The App Store must be the only place in the world where stars play supporting roles. You pick them up here and there to enhance your score and possibly unlock a world or two, but they're a secondary concern in most games.
Not so in Star Thief. This impeccably bright and cheerful casual game puts stars centre-stage.
The premise could scarcely be simpler. The screen scrolls inexorably leftwards, and you have to touch stars with your fingers before they disappear off the side. At the end of each stage you reach a flag, some fireworks go off, and you learn how many stars you missed.

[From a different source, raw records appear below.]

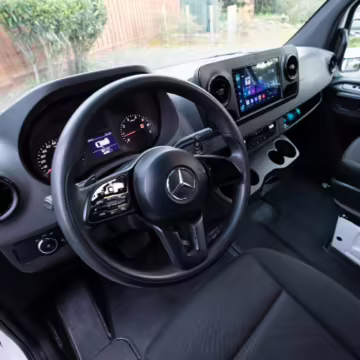 2021 Mercedes-Benz Sprinter 2500 — photo 39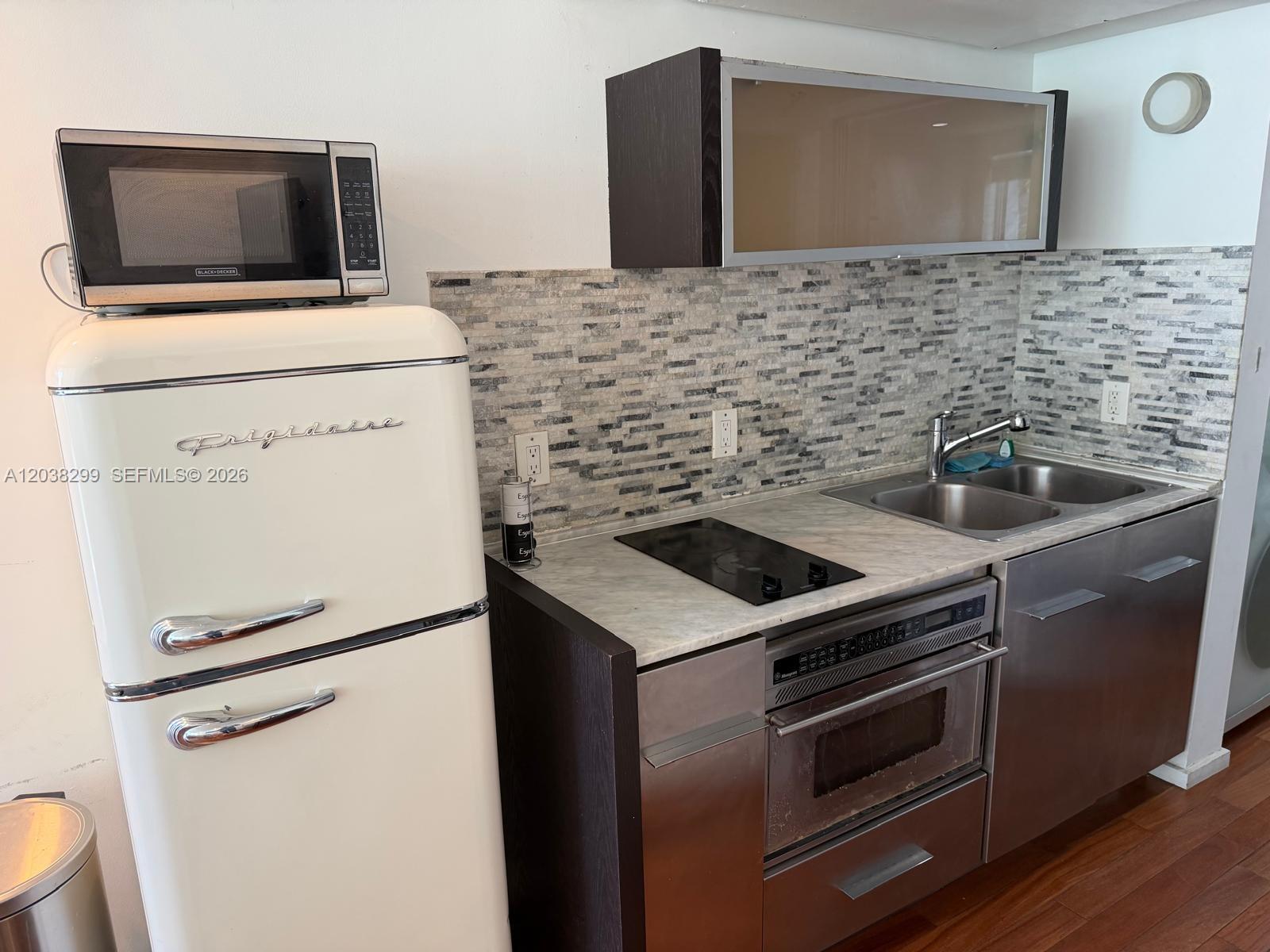 1601 West Ave # 212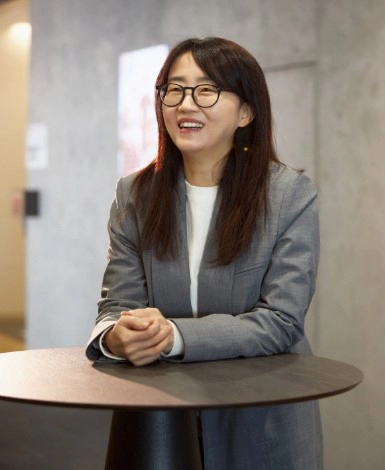 악귀 작가 김은희 학력 나이 남편 작품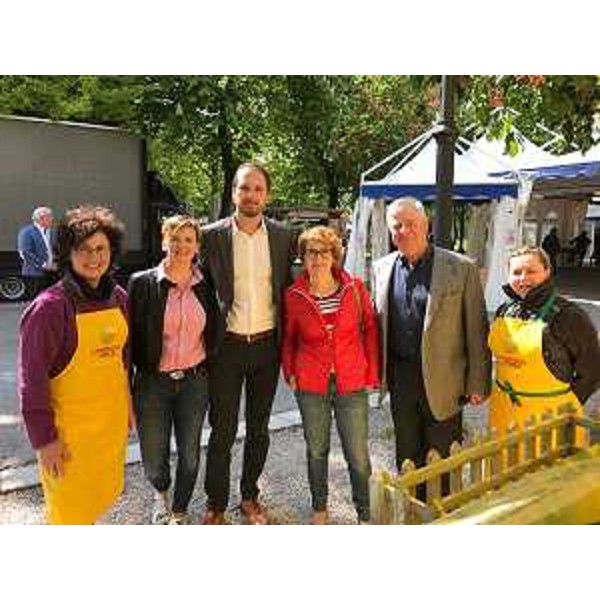 Cristiano Shaurli (Assessore regionale Risorse agricole e forestali) all'inaugurazione dell'Ethnic Festival - Gradisca d'Isonzo 22/04/2017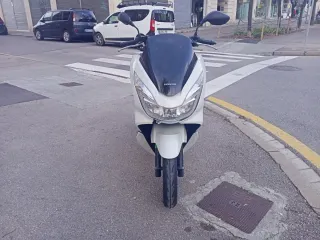 Honda PCX 125 Blanca Scooter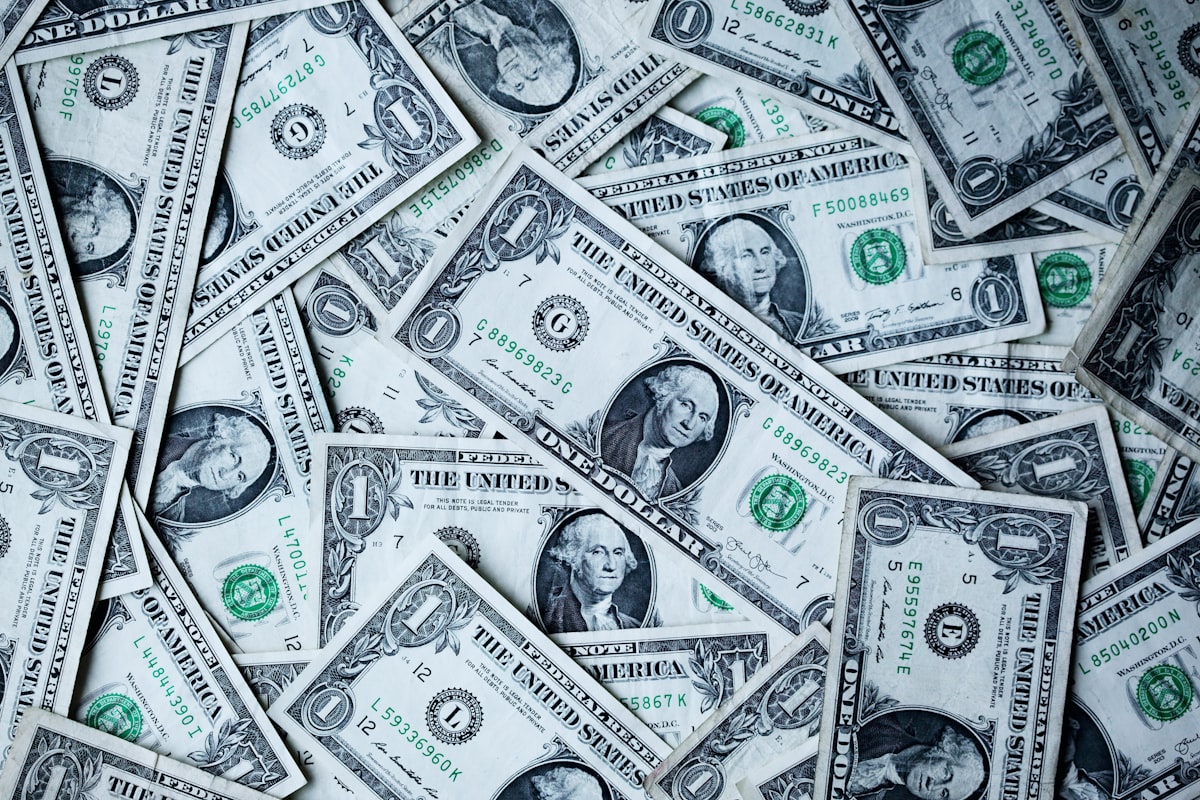 A spread of United States banknotes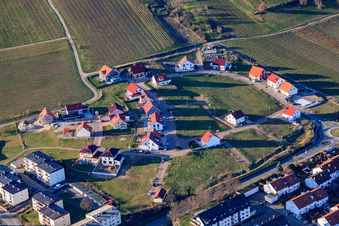 Photographie aérienne de Nouvelle zone de développement Im Wingert à le quartier Pleisweiler in Bad Bergzabern dans le département Rhénanie-Palatinat, Allemagne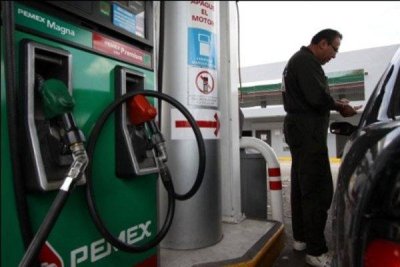 Baja gasolina magna a 10.92 pesos en Juárez por homologación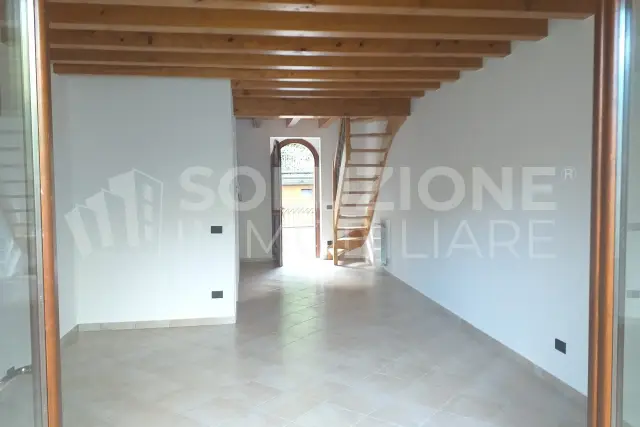 3-room flat in Viale Roma, Clusone - Photo 1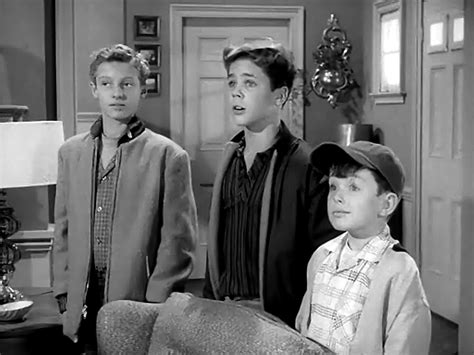 Actor Lapd Officer Ken Osmond Aka Eddie Haskell Of The Leave It To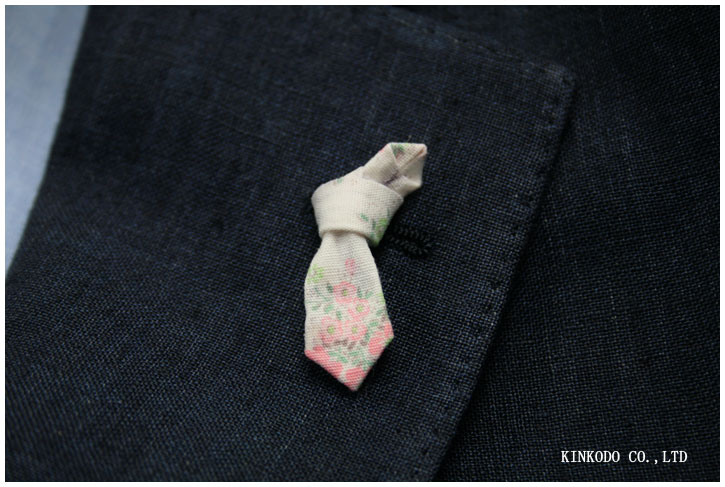 ネクタイの形をしたラベルピン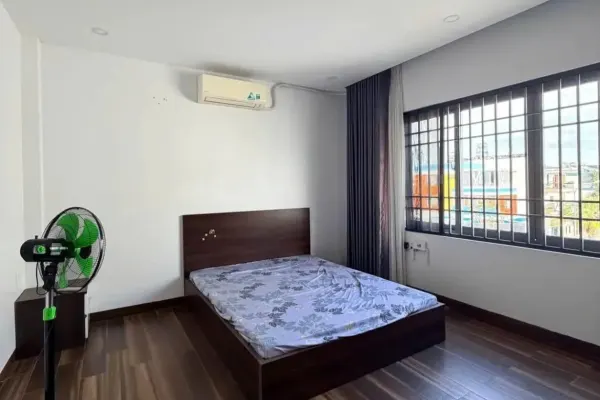 Дом, 3 спальни · 270 м² 5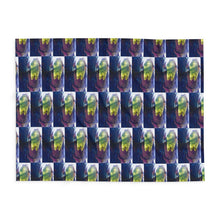 Load image into Gallery viewer, Cozy Arctic Fleece Blanket with Vibrant Eel Design – Perfect for Home and Gifting
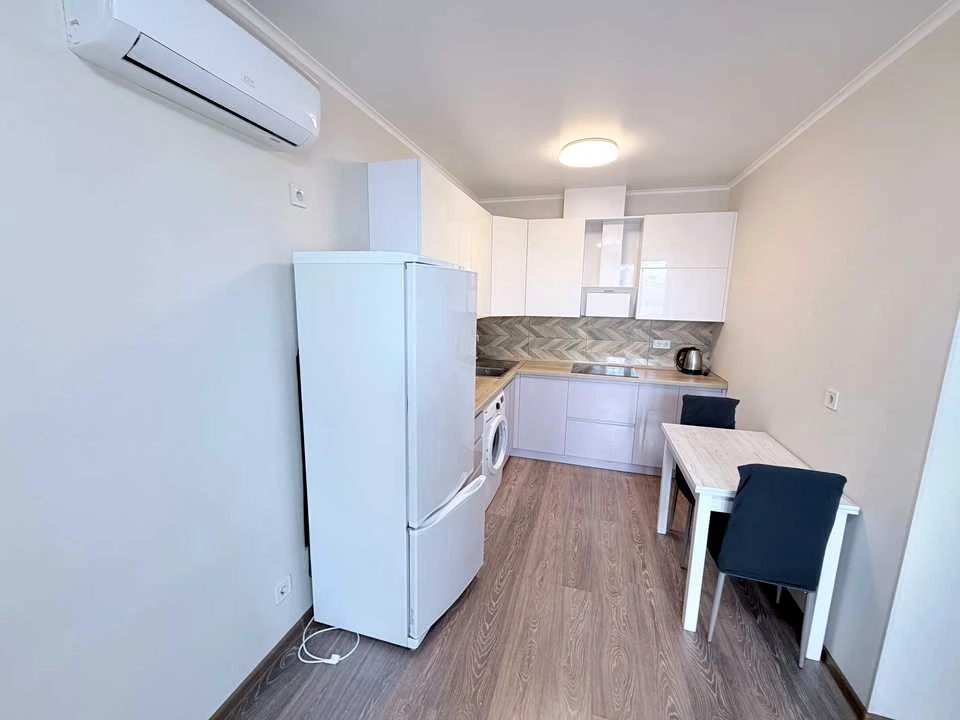 Apartment. Kharkiv, Kozakevicha St.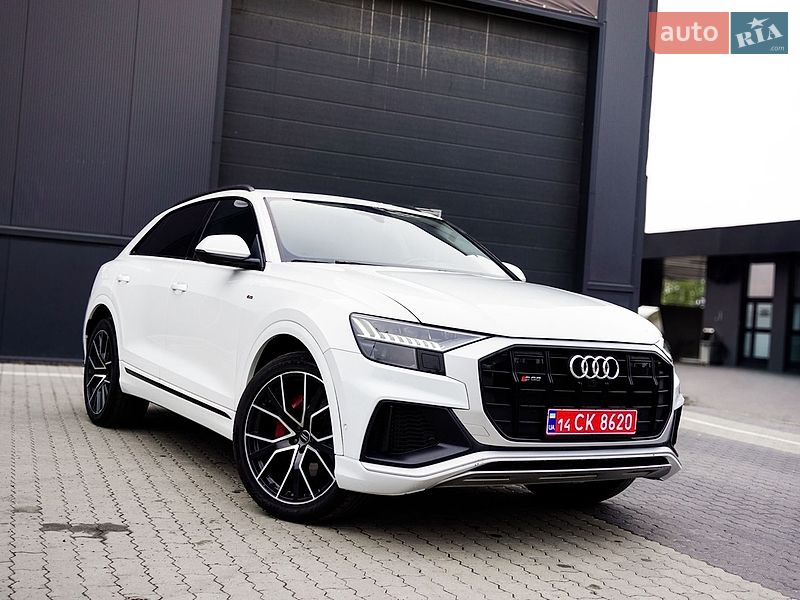 Внедорожник / Кроссовер Audi Q8 2019 в Ужгороде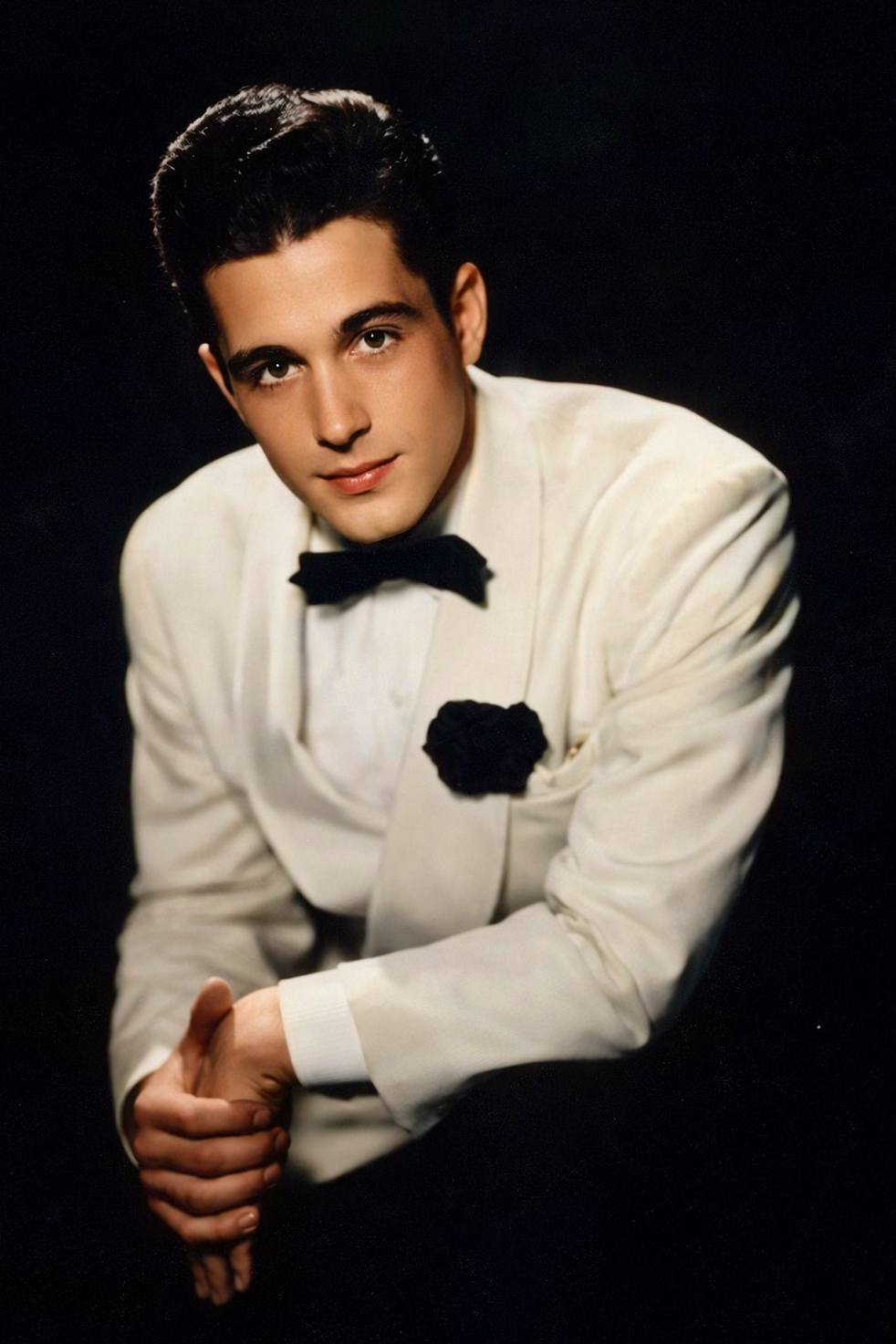 More colorized photos of Mr. Como. | Facebook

The stars are arranged in lines or clusters, or sometimes hidden. As you make your way through the game their hiding places become more elaborate. Some are in cages that you need to smash, either by tapping away the platform that's holding them up or by hitting them with a rock. Some are hidden in eggs, which you can easily break by dragging them against rocks or other eggs.
Others still are hidden in chests. To reach these you need colour-coded keys, which you have to drag from where you found them, avoiding platforms and other obstacles. Sometimes you need to put them down on the way, to crack open a cage, for example, and then pick them up again before the camera scrolls too far.
And yet other stars are only accessible if you tap them in the correct numerical order. Naturally, the game tries to catch you out by making 3 appear before 2, and so on.Heliocentric boogaloo
These tricky stars are in the minority. Most are readily tappable, but this is easier said than done when things get frantic. Just try keeping calm when you're required to sweep up two parallel broken lines of stars interspersed by lengths of crippling electric red stuff.
Star Thief is a game about overcoming panic. It may be simple, but it's far from easy - you'll struggle to consistently collect enough stars to open up the next stage, and you'll struggle even more to collect enough to open up the final world.
You'll get there, but not without replaying levels and frenziedly jabbing at the screen of your iOS device as the stars are borne ceaselessly away.
It's a pretty shallow game, with little to draw you back once you've jabbed and swiped your way to the end of the final world. But the whole experience is elevated by crisp, affectionate, cartoony presentation.
If you have a spare moment as the screen scrolls by you can wipe away the clouds in the sky, or spin the blades of a windmill, or trigger the valedictory fireworks early by swiping them with your finger, or prune foliage, or dislodge icicles. As you rub or slash or poke at the stars they disappear with a tinkling noise in a pitch that rises and falls.
In other words, for all that it's limited and occasionally frustrating, Star Thief is just plain fun to be with.